Mark Zuckerberg said recently on Joe Rogan’s podcast that corporate culture needed to return to “masculine energy.” What does “masculine energy” mean?
Your mother doesn’t work here. You do.
Zuckerberg’s front-row seat at Trump’s inauguration is a clue. He has started to sound like Trump and Musk combined. As they call for downsizing and belt-tightening, Trump and Musk exude the “masculine energy” that Zuckerberg is talking about, which is also the power that feminists and the woke despise—efficiency, results, drive.
2025 Inauguration
If those qualities have been MIA in tech, that’s because tech companies were desperate to hire five years ago. They brought on layers of new workers, even some they did not have jobs for. Companies catered to GenZ, piling on benefits for people who are famous for expecting their preferences to be honored. Reports from Miami and elsewhere put GenZ at the heart of upscale rentals, settling into expensive quarters surrounded by wealthy people just like themselves (see Flint in Sources).

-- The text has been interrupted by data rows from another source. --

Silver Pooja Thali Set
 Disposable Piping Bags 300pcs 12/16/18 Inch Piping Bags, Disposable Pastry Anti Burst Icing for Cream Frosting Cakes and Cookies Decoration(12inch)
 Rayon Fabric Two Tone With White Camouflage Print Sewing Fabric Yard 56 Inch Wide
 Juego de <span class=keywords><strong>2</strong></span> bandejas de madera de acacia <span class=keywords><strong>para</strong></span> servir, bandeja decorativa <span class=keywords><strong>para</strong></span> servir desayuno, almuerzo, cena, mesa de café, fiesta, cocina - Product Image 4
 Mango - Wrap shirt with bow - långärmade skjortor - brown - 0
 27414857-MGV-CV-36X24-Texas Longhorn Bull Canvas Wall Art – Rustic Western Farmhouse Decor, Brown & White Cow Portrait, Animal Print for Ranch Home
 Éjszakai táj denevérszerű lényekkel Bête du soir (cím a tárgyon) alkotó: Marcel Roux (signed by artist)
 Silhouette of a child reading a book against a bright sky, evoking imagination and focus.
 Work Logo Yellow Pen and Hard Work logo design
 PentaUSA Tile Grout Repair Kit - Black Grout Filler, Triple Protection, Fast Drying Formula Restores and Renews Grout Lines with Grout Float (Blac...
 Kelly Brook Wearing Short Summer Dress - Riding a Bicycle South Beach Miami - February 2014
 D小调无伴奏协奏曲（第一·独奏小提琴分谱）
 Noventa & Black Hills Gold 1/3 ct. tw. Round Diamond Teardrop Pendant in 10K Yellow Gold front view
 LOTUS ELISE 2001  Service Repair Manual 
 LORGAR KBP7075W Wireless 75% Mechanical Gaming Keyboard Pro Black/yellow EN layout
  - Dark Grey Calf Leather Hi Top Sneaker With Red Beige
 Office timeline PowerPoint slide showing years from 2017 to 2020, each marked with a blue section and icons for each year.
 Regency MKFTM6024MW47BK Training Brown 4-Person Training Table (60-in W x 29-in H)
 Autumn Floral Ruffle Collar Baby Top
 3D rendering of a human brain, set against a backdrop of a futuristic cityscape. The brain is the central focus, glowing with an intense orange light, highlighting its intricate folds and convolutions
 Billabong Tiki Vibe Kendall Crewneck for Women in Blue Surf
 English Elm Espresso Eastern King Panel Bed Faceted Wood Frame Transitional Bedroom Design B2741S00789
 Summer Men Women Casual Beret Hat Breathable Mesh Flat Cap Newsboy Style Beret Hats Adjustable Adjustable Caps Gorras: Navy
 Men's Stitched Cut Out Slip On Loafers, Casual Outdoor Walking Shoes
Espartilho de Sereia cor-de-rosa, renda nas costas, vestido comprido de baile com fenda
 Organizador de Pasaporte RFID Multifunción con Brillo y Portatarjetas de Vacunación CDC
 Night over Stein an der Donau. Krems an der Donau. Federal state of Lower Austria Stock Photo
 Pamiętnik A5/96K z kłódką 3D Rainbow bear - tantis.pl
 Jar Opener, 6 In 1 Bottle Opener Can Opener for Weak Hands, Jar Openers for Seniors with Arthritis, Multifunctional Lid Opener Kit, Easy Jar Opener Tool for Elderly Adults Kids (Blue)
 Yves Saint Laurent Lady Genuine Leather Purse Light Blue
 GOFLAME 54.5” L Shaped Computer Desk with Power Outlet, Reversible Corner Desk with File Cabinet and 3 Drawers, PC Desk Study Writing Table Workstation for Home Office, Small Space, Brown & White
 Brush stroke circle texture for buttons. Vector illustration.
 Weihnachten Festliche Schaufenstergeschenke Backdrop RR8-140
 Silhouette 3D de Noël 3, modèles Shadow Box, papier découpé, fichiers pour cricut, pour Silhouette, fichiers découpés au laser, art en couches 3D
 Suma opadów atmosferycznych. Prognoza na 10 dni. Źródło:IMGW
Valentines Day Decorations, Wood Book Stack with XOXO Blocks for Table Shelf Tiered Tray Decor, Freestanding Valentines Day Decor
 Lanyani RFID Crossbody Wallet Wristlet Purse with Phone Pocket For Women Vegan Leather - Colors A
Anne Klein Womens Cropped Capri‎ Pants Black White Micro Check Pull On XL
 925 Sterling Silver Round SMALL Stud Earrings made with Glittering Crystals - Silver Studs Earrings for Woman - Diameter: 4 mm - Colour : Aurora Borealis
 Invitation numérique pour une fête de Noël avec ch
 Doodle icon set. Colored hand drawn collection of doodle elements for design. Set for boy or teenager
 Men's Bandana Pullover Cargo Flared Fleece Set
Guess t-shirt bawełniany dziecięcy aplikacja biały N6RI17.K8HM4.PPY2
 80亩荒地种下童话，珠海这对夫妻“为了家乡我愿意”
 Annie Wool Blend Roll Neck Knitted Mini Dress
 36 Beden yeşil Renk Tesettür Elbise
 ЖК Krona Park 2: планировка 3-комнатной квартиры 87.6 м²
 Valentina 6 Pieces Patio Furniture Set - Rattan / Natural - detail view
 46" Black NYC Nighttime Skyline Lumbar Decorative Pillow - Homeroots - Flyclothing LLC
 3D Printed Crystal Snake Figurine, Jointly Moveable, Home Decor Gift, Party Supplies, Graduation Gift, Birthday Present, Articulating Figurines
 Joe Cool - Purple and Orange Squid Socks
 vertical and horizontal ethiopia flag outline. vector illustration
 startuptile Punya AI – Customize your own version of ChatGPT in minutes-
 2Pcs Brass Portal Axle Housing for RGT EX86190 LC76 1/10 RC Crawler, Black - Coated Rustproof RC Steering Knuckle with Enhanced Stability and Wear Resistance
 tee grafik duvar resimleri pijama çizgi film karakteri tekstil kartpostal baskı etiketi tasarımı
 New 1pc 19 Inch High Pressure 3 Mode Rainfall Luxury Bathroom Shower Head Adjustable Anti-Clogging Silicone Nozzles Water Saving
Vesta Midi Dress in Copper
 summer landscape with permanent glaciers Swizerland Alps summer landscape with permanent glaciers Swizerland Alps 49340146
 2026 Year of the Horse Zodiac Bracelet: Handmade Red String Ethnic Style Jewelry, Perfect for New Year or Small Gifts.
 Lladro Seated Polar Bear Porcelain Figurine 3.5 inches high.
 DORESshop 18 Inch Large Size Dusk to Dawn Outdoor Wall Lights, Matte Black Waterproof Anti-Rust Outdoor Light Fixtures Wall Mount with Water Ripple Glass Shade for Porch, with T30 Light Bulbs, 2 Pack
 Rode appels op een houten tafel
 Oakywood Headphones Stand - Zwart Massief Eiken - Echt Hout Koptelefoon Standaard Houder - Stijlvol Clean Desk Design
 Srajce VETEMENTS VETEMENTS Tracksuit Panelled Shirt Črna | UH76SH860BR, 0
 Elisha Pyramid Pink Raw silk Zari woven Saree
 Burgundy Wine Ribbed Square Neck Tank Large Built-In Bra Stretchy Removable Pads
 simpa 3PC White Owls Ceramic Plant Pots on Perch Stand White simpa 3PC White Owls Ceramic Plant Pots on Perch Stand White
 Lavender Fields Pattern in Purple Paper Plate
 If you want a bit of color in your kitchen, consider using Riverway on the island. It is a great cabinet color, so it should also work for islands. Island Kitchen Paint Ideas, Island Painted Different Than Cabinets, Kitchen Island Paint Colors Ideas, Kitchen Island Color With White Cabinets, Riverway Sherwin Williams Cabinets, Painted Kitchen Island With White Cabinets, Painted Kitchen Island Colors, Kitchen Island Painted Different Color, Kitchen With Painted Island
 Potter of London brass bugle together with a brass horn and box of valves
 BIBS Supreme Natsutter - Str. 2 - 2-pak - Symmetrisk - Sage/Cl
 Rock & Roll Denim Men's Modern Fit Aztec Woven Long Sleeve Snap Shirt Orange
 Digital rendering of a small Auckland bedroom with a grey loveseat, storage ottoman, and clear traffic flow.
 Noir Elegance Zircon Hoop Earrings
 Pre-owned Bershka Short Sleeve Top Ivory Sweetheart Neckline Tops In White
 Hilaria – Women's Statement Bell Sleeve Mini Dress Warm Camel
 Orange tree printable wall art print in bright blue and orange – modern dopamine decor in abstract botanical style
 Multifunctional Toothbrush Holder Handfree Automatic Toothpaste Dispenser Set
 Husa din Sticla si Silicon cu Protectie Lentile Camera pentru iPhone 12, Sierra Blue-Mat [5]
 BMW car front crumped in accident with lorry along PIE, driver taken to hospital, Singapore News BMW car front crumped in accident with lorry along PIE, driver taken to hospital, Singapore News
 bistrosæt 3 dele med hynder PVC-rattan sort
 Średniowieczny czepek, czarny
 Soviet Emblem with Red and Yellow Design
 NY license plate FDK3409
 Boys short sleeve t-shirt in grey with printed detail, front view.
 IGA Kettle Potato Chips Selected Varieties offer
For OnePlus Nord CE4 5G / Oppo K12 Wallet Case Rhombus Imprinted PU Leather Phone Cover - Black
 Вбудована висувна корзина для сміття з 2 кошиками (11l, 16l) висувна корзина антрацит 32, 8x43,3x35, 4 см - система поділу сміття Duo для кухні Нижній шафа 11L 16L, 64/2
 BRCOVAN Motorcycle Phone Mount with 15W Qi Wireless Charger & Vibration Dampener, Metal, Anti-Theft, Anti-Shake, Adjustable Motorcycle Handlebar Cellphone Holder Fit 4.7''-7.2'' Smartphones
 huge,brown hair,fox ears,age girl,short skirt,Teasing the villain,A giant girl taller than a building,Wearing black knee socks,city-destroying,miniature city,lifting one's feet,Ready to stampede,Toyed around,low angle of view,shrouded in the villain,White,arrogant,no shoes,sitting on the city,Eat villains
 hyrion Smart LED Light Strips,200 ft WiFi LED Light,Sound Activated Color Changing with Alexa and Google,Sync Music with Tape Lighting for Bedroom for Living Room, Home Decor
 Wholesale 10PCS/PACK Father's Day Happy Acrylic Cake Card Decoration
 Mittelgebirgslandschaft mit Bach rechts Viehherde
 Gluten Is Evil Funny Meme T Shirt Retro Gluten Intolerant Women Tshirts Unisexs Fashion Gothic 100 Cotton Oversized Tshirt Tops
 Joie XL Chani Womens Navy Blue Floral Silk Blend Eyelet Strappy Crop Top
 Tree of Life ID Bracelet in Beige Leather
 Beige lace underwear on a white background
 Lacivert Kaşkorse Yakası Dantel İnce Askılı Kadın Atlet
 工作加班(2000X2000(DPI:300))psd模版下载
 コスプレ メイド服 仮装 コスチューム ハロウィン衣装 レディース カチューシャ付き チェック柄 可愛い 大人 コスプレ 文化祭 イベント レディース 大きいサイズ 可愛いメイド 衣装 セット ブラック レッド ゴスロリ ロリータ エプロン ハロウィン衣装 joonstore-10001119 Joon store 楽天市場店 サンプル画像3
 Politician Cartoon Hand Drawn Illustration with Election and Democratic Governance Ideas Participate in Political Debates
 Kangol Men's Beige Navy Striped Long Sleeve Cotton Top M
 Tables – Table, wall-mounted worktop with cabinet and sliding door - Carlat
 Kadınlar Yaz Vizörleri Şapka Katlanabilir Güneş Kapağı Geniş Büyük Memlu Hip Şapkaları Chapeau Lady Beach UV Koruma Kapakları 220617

Tech has been treating employees as if they were the children of a generous and thoughtful mother. That’s why the tech world has been swimming in feminine energy.
Meta was the epitome of the mom-boss. Meta employees used to drop off their laundry when they came to work and pick it up on the way out the door. Cafeteria food (to suit every preference) was free. Unlimited age- and diet-appropriate snacks were provided. Just like home! Employees could live in company-owned dormitories, safe in a shell that protected their preferences and reinforced their prejudices.
Such comfort came at a price for both giver and receiver. During Covid-19, companies paid workers more for less. Now that companies are pulling back, employees are feeling the pinch. Hours at free cafes have been trimmed. Google has reduced the “fun budget” that paid for employees’ visits to wine tastings and go-kart racing, a nice mix for man-child and woman-child workers.
People who have been catered to become highly attuned to their own fragility. The worker-bees of GenZ are easily shocked and offended when things change, as we learn in “Miserable at Work: Tech Workers are Just Like Us,” by Katherine Bindley, a tech staff writer for The Wall Street Journal.
I am not sure who “us” is in “just like us,” but Bindley seems to be one of “us” and to assume that you and I are in that group as well. Is she miserable because she writes about tech, or is she miserable because she writes for the WSJ? Does she know any tech workers who are not miserable?
Her article should have been called, more modestly and more honestly, “Tech Workers Are Just Like Me.” Bindley is yet another WSJ writer who places her feelings at the center of her story. This is the now the signature of the woke journalist: empathy instead of information, feelings instead of facts. Inside this fuzziness, however, is a steel core of smug superiority.
Bindley’s article is itself an example of feminine energy, credulous, apologetic, and absolutely sure in its assertiveness. She sympathizes at every turn with tech workers who are dismayed to find that their lavish benefits are being curbed by hard-hearted bosses.
Those bosses are the source of the new masculine energy Zuckerberg is talking about. That energy seems to be darkening the woke workplace. Some companies have streamlined their free snack list. Now they provide cheaper munchies that offer a less balanced mix of acid and alkaline. GenZ knows that this balance is at the heart of cosmic harmonization. Morale has plunged.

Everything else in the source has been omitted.